— TASK GOAL —
Restate the full listing word for word; images stay out of it.

---- SOURCE MATERIAL

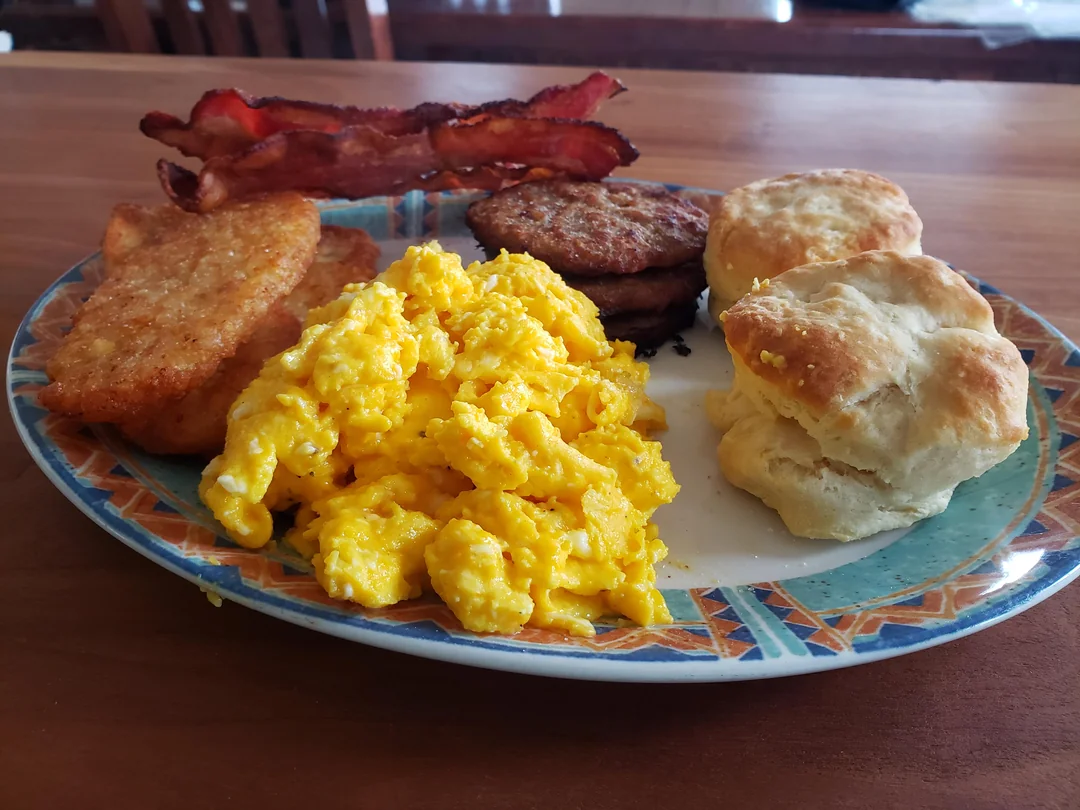 A plate of scrambled eggs, two hash browns, two sausage patties, two strips of bacon, and two biscuits on a patterned dish, set on a wooden table.
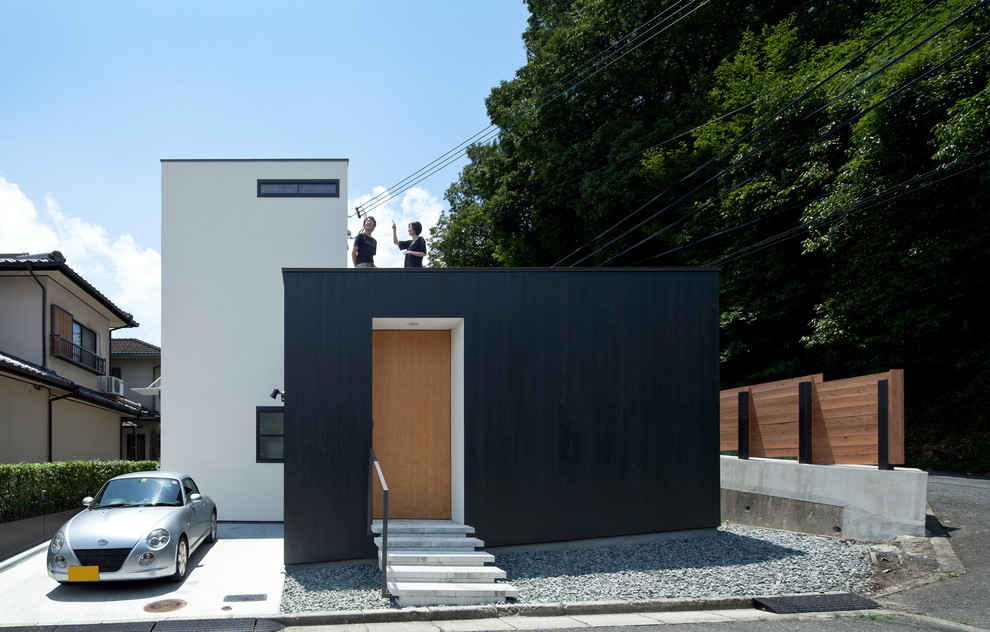 Immagine della villa nera moderna a due piani di medie dimensioni con rivestimento in legno, tetto piano e copertura in metallo o lamiera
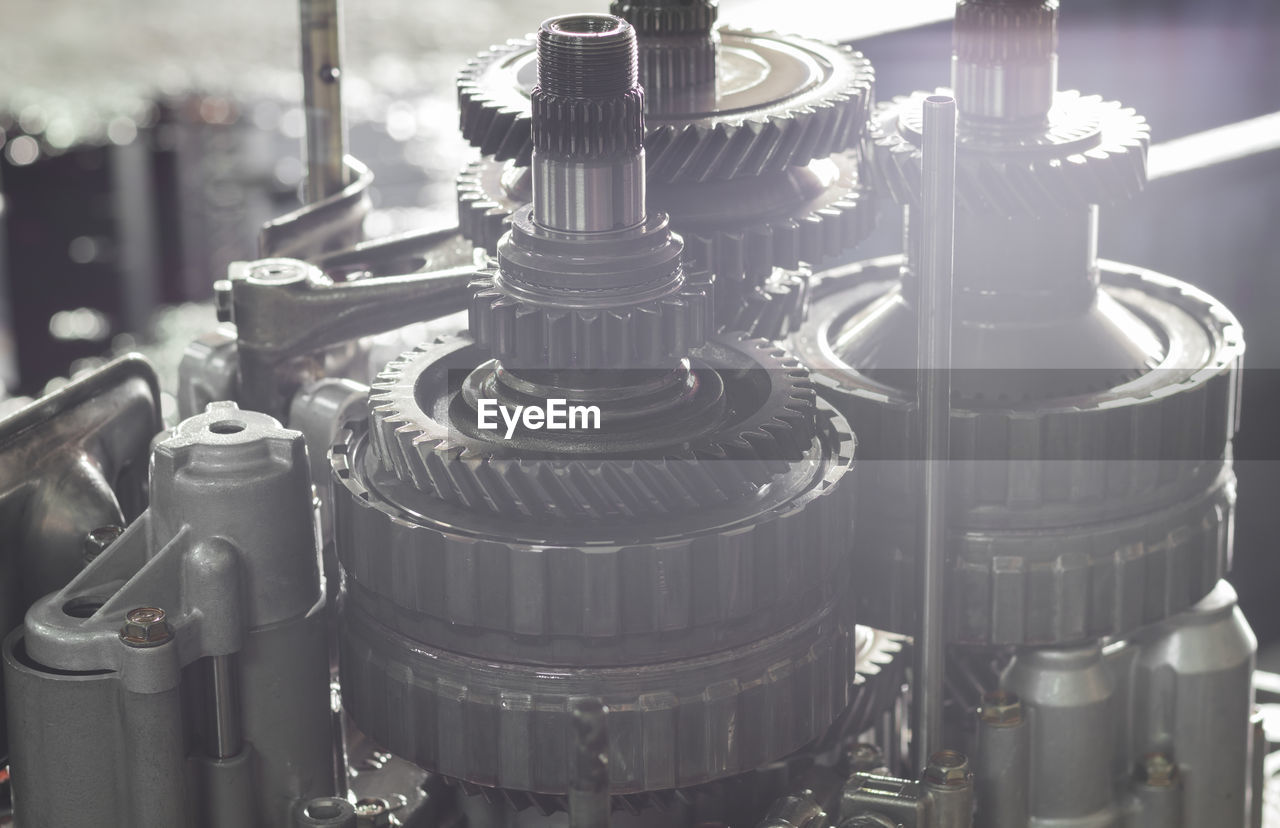 CLOSE-UP OF MACHINE PART OF FACTORY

--------

— EXERCISE ANSWER —
 A plate of scrambled eggs, two hash browns, two sausage patties, two strips of bacon, and two biscuits on a patterned dish, set on a wooden table.
 Immagine della villa nera moderna a due piani di medie dimensioni con rivestimento in legno, tetto piano e copertura in metallo o lamiera
 CLOSE-UP OF MACHINE PART OF FACTORY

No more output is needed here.